# [YOUR TASK]
Leaving out all pictures, transcribe exactly the lines between the line with "Self Build Kits Scandinavian Log Cabins" and the last line of the records below, both included.

[[ DATA SUPPLIED open ]]

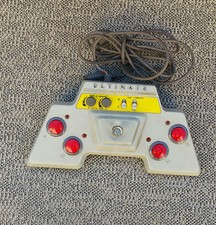 Old Joystick Controller Video Game Collection Atari Commodore French Antique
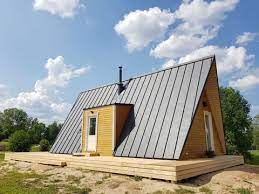 Self Build Kits Scandinavian Log Cabins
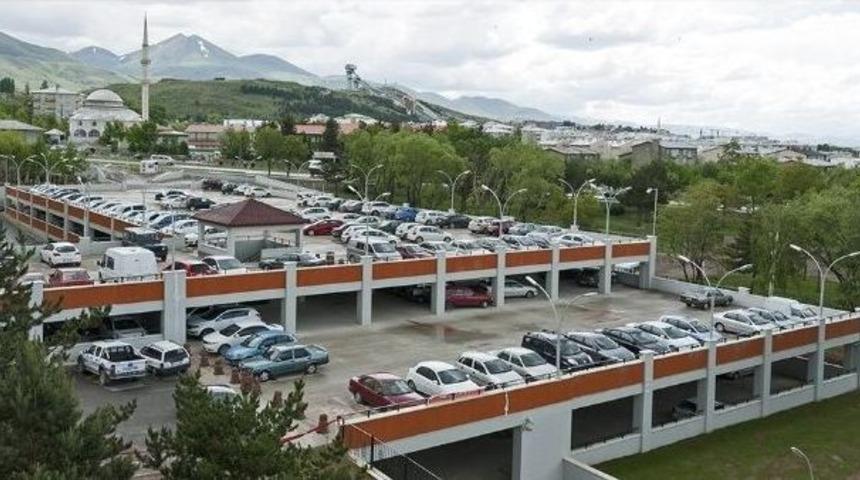 B&uuml;y&uuml;kşehir&rsquo;den Otopark Y&ouml;netmeliği&rsquo;nde D&uuml;zenleme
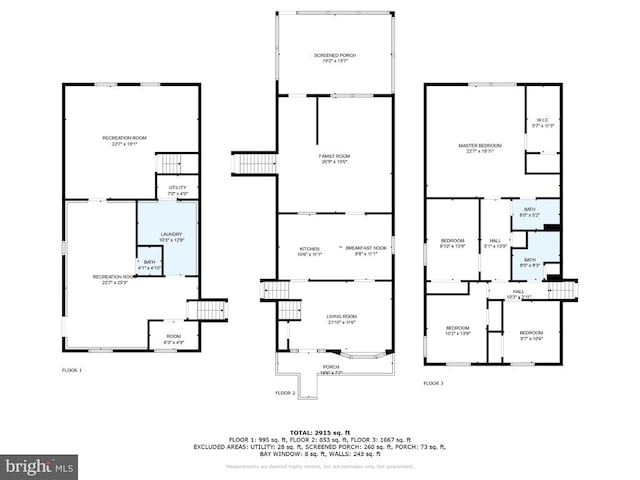 447 Laurel Ave, Fredericksburg, VA 22408 - floor plan / room layout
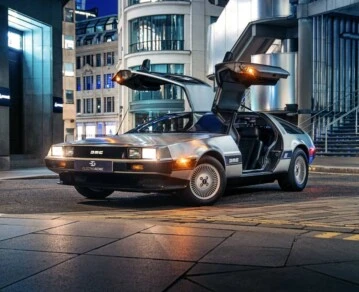 DeLorean Electrogenic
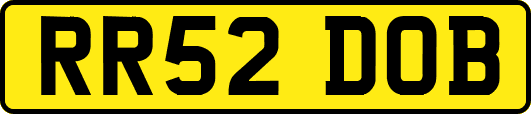 RR52DOB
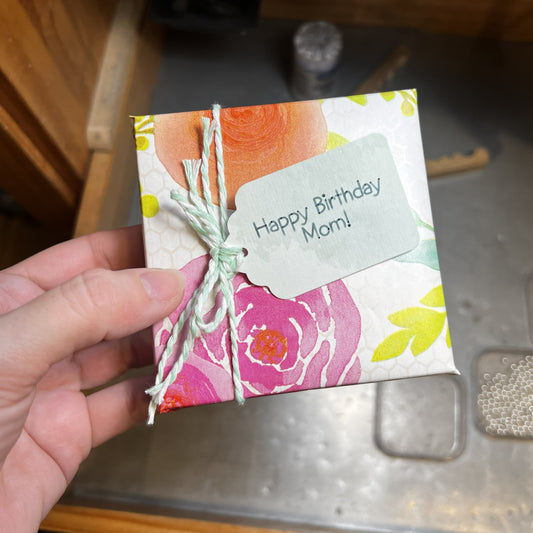 Thinking of you wrapping paper option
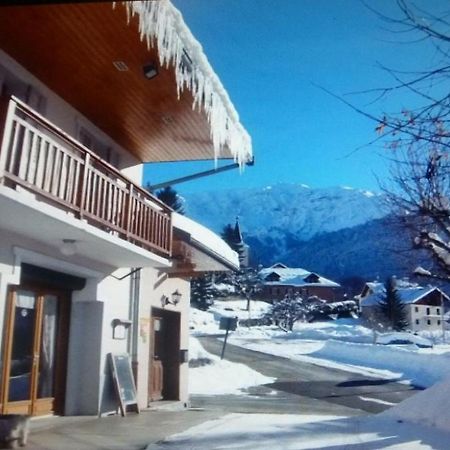 Hotel Le Beausejour سانت فرانسوا-لونغشامب المظهر الخارجي الصورة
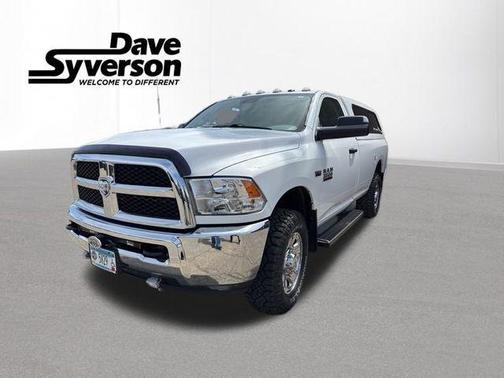 2018 RAM 3500 Tradesman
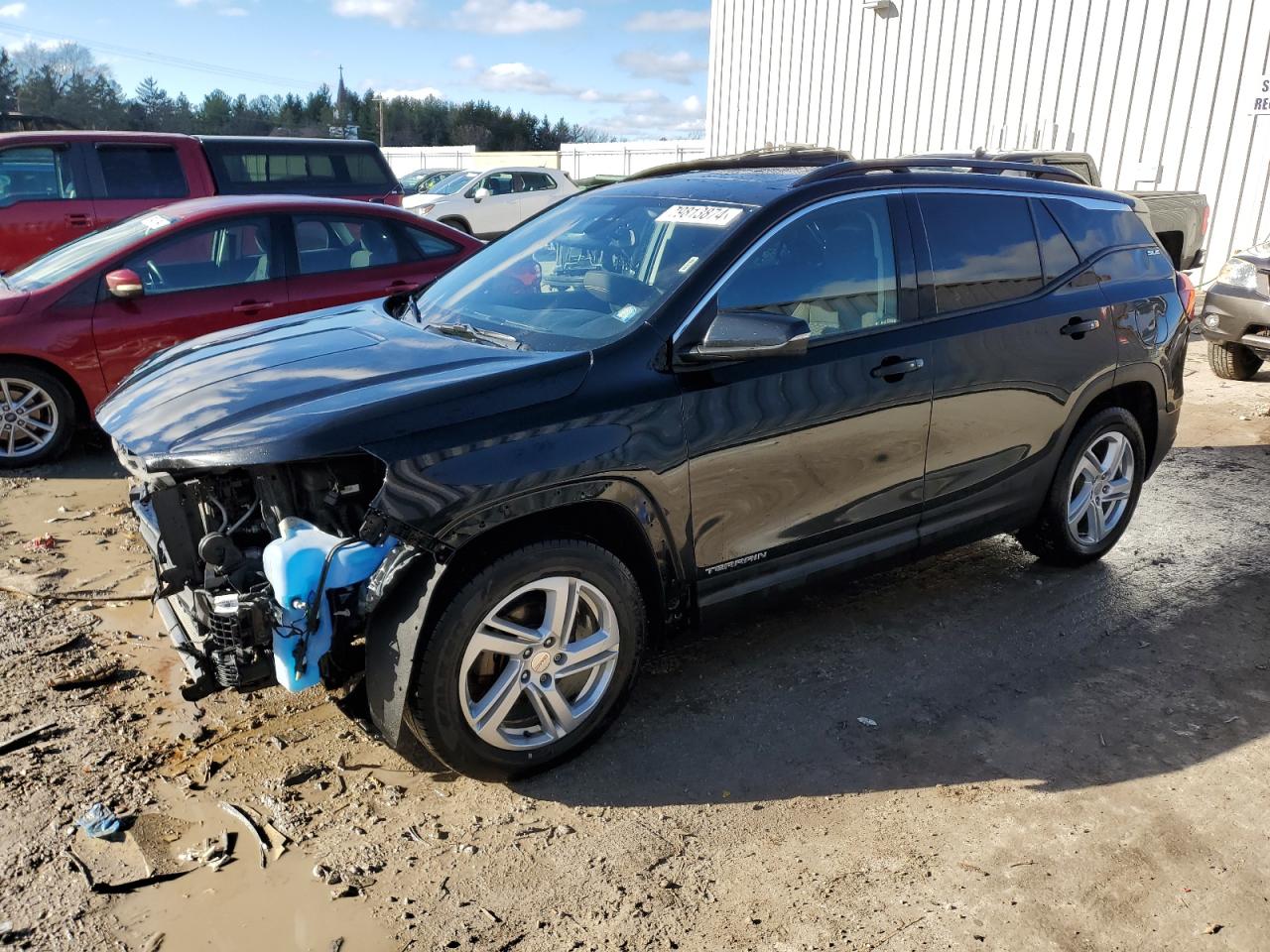 2020 GMC Terrain - Image 1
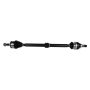 GSP NCV10158K 16-19 Chevrolet Cruze (1.4) CV Axle Assembly  - Front Right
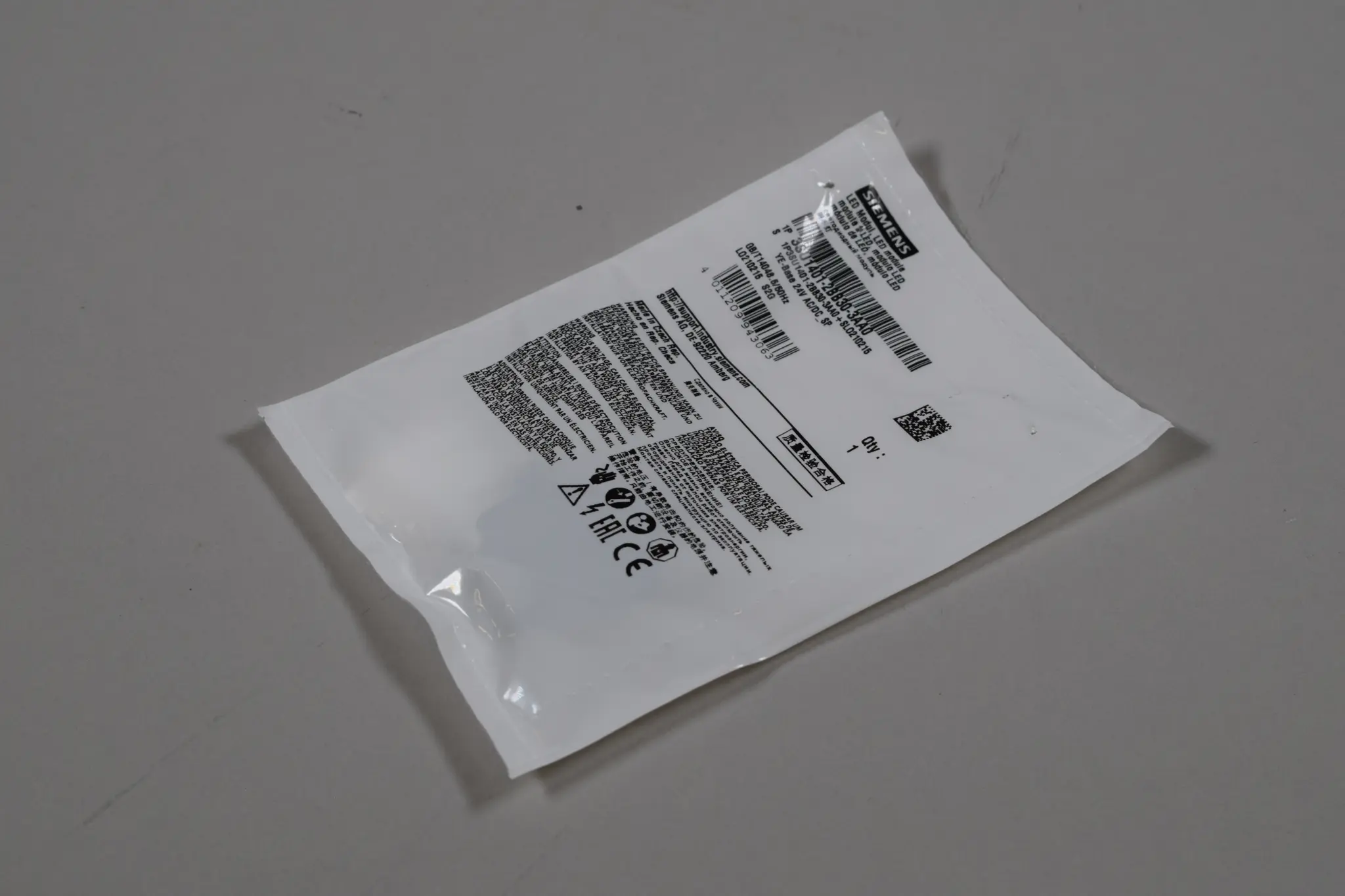 Produktfoto 1 von 3SU1401-2BB30-3AA0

[[ DATA SUPPLIED closed ]]

# [RESPONSE BOX]
 Self Build Kits Scandinavian Log Cabins
 B&uuml;y&uuml;kşehir&rsquo;den Otopark Y&ouml;netmeliği&rsquo;nde D&uuml;zenleme
 447 Laurel Ave, Fredericksburg, VA 22408 - floor plan / room layout
 DeLorean Electrogenic
 RR52DOB
 Thinking of you wrapping paper option
 Hotel Le Beausejour سانت فرانسوا-لونغشامب المظهر الخارجي الصورة
 2018 RAM 3500 Tradesman
 2020 GMC Terrain - Image 1
 GSP NCV10158K 16-19 Chevrolet Cruze (1.4) CV Axle Assembly  - Front Right
 Produktfoto 1 von 3SU1401-2BB30-3AA0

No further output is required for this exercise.